Boni Hatikon, a residential real estate developer focused on urban renewal, has entered a partnership with Ampa Group, which will acquire a 49% stake in two of Boni Hatikon's projects in Jerusalem and its surrounding area. The deal, valued at 83 million shekels, involves Ampa paying 53 million shekels for rights in the regional project and 23 million shekels for the Jerusalem project, plus an additional 5 million shekels to cover its share of a shareholder loan provided by Boni Hatikon. Boni Hatikon expects to recognize a pre-tax profit of 135 million shekels from the transaction, including 65 million from selling part of its stake and 69 million from revaluing its holdings.

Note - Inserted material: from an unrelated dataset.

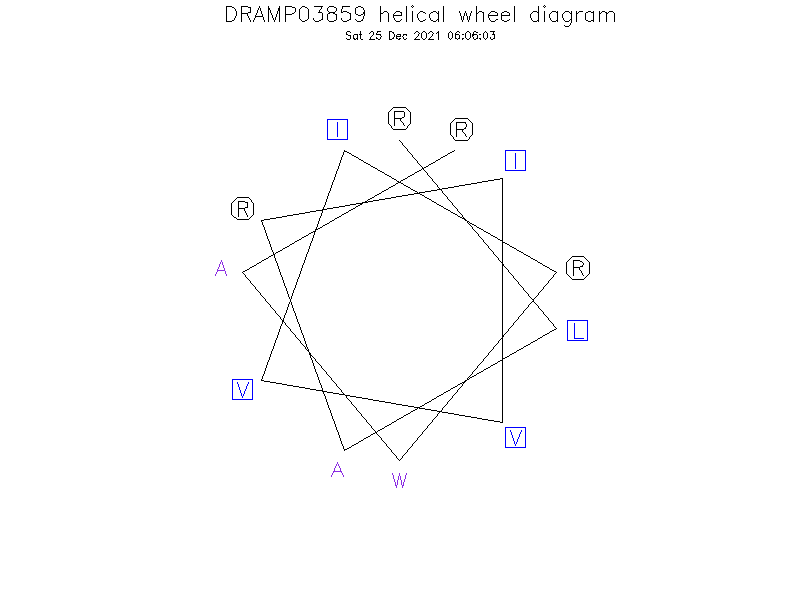 DRAMP03859 helical wheel diagram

The regional project plans to replace 368 existing housing units with 1,274 new units, allowing 906 units for sale. The Jerusalem project, located in the Armon Hanatziv neighborhood, will clear 105 apartments to build 518 new units, with 413 units available for sale after allocating 18 for a maintenance fund supporting residents' building upkeep costs. Both projects are in detailed planning stages, with building permits expected by late 2027 or early 2028, meaning sales are still some years away. Boni Hatikon estimates total revenues of 2.2 billion shekels for the regional project and 1.1 billion shekels for the Jerusalem project, representing its highest revenue potential.

The partnership reflects challenges from the residential real estate slowdown and rising interest rates, which have pressured companies’ cash flows and increased financing costs. Boni Hatikon, controlled by Amihai Peretz (49.5%), currently has seven projects under construction with about 880 units out of 1,800 units across 11 projects in various stages. Sales have declined from 130 units in 2024 to 116 in 2025, and further dropped in early 2026. However, a marketing campaign for a project in Kiryat Moshe, Rehovot, boosted second-quarter sales to 74 units, up from 22 the previous year. This project includes 429 units, with construction expected to start this year.

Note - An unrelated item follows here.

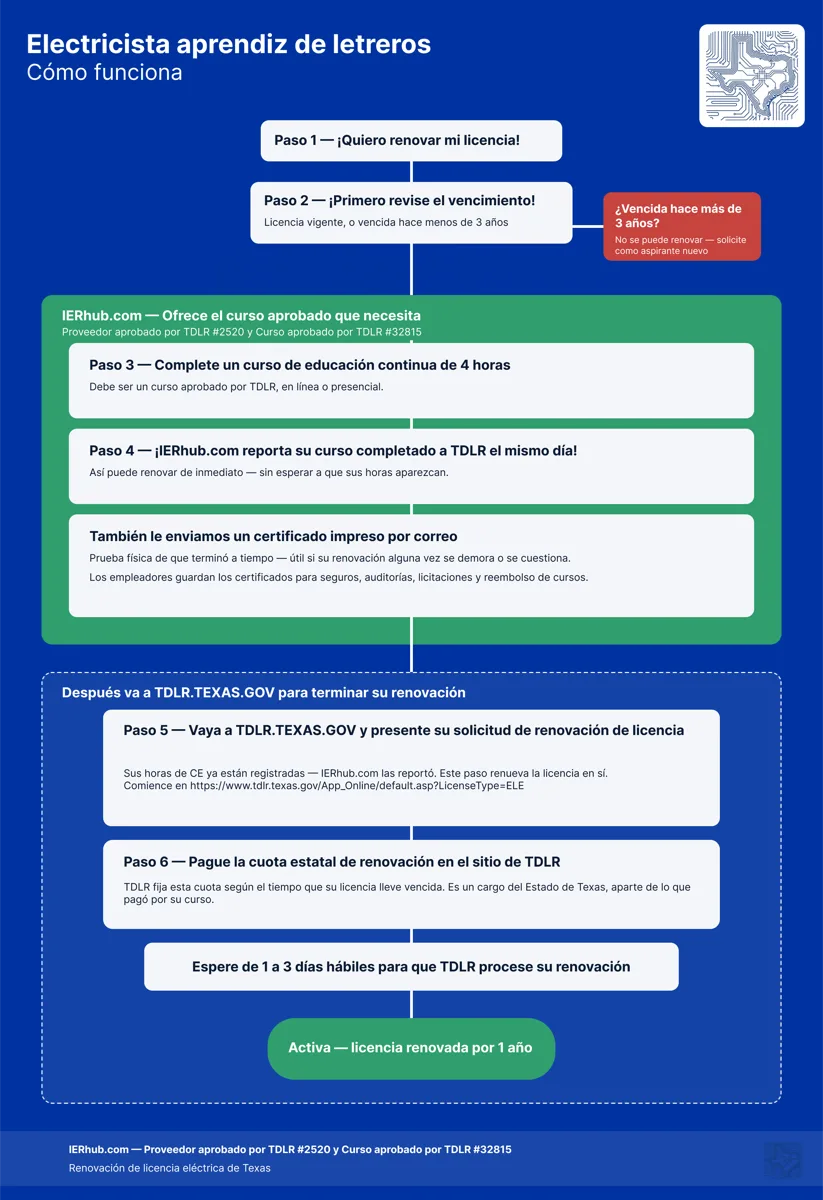 Renovación de Electricista Aprendiz de Letreros: complete su curso de educación continua, IER Hub reporta sus horas y le envía por correo su certificado, luego presente su solicitud de renovación y pague la tarifa estatal en TDLR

Due to the sales slowdown, Boni Hatikon has offered buyers financing incentives, with 85% and 87% of 2024 and 2025 sales respectively under deferred payment plans (20/80 or 15/85), delaying revenue recognition and increasing financing costs to 12.9 million shekels in 2025. The company noted that bank financing alone is insufficient to cover construction costs, requiring additional funding sources or higher financing costs. Cash flow from operations turned negative in Q1 2026 by 45.6 million shekels, compared to positive cash flow the previous year, while financing expenses surged 88% to 17.5 million shekels, resulting in a net loss of 7.8 million shekels, more than double the prior year’s loss. The annual loss deepened from 11.5 million shekels in 2024 to 21 million in 2025.

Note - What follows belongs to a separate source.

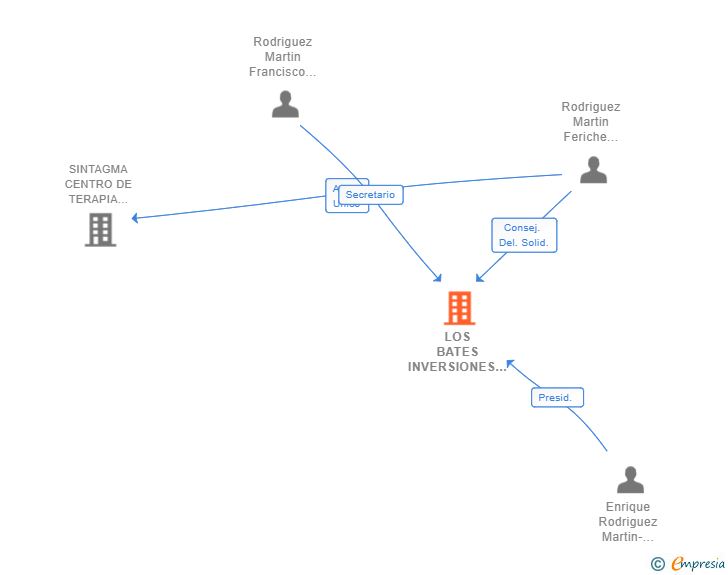 Vinculaciones societarias de LOS BATES INVERSIONES SL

Boni Hatikon’s stock has risen 25% this year to a market value of 692 million shekels, outperforming the Tel Aviv Construction Index, which fell 2%. Last year, it brought Clal Insurance as a partner in several projects with potential investments up to 250 million shekels. Ampa, primarily active in income-producing real estate and also in development and credit provision, was listed last year and currently trades at a market value of 3.4 billion shekels, down 18% this year.